What is an Efficient algorithm to find Area of Overlapping Rectangles

Question

My situation

• Input: a set of rectangles
• each rect is comprised of 4 doubles like this: (x0,y0,x1,y1)
• they are not "rotated" at any angle, all they are "normal" rectangles that go "up/down" and "left/right" with respect to the screen
• they are randomly placed - they may be touching at the edges, overlapping , or not have any contact
• I will have several hundred rectangles
• this is implemented in C#

I need to find

• The area that is formed by their overlap - all the area in the canvas that more than one rectangle "covers" (for example with two rectangles, it would be the intersection)
• I don't need the geometry of the overlap - just the area (example: 4 sq inches)
• Overlaps shouldn't be counted multiple times - so for example imagine 3 rects that have the same size and position - they are right on top of each other - this area should be counted once (not three times)

Example

• The image below contains thre rectangles: A,B,C
• A and B overlap (as indicated by dashes)
• B and C overlap (as indicated by dashes)
• What I am looking for is the area where the dashes are shown

-

AAAAAAAAAAAAAAAAAAAAAAAAAAAAAA AAAAAAAAAAAAAAAAAAAAAAAAAAAAAA AAAAAAAAAAAAAAAAAAAAAAAAAAAAAA AAAAAAAAAAAAAAAAAAAAAAAAAAAAAA AAAAAAAAAAAAAAAAAAAAAAAAAAAAAA AAAAAAAAAAAAAAAAAAAAAAAAAAAAAA AAAAAAAAAAAAAAAAAAAAAAAAAAAAAA AAAAAAAAAAAAAAAAAAAAAAAAAAAAAA AAAAAAAAAAAAAAAA--------------BBB AAAAAAAAAAAAAAAA--------------BBB AAAAAAAAAAAAAAAA--------------BBB AAAAAAAAAAAAAAAA--------------BBB                 BBBBBBBBBBBBBBBBB                 BBBBBBBBBBBBBBBBB                 BBBBBBBBBBBBBBBBB                 BBBBBB-----------CCCCCCCC                 BBBBBB-----------CCCCCCCC                 BBBBBB-----------CCCCCCCC                       CCCCCCCCCCCCCCCCCCC                       CCCCCCCCCCCCCCCCCCC                       CCCCCCCCCCCCCCCCCCC                       CCCCCCCCCCCCCCCCCCC 

Answer 1

An efficient way of computing this area is to use a sweep algorithm.

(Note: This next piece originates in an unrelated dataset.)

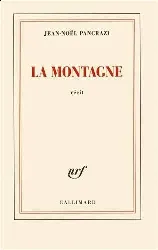 livre la montagne gallimard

Let us assume that we sweep a vertical line L(x) through the union of rectangles U:

• first of all, you need to build an event queue Q, which is, in this case, the ordered list of all x-coordinates (left and right) of the rectangles.
• during the sweep, you should maintain a 1D datastructure, which should give you the total length of the intersection of L(x) and U. The important thing is that this length is constant between two consecutive events q and q' of Q. So, if l(q) denotes the total length of L(q+) (i.e. L just on the rightside of q) intersected with U, the area swept by L between events q and q' is exactly l(q)*(q' - q).
• you just have to sum up all these swept areas to get the total one.

We still have to solve the 1D problem. You want a 1D structure, which computes dynamically a union of (vertical) segments. By dynamically, I mean that you sometimes add a new segment, and sometimes remove one.

I already detailed in my answer to this collapsing ranges question how to do it in a static way (which is in fact a 1D sweep). So if you want something simple, you can directly apply that (by recomputing the union for each event). If you want something more efficient, you just need to adapt it a bit:

• assuming that you know the union of segments S₁...S_n consists of disjoints segments D₁...D_k. Adding S_n+1 is very easy, you just have to locate both ends of S_n+1 amongs the ends of D₁...D_k.
• assuming that you know the union of segments S₁...S_n consists of disjoints segments D₁...D_k, removing segment S_i (assuming that S_i was included in D_j) means recomputing the union of segments that D_j consisted of, except S_i (using the static algorithm).

This is your dynamic algorithm. Assuming that you will use sorted sets with log-time location queries to represent D₁...D_k, this is probably the most efficient non-specialized method you can get.

Answer 2

One way-out approach is to plot it to a canvas! Draw each rectangle using a semi-transparent colour. The .NET runtime will be doing the drawing in optimised, native code - or even using a hardware accelerator.

Then, you have to read-back the pixels. Is each pixel the background colour, the rectangle colour, or another colour? The only way it can be another colour is if two or more rectangles overlapped...

If this is too much of a cheat, I'd recommend the quad-tree as another answerer did, or the r-tree.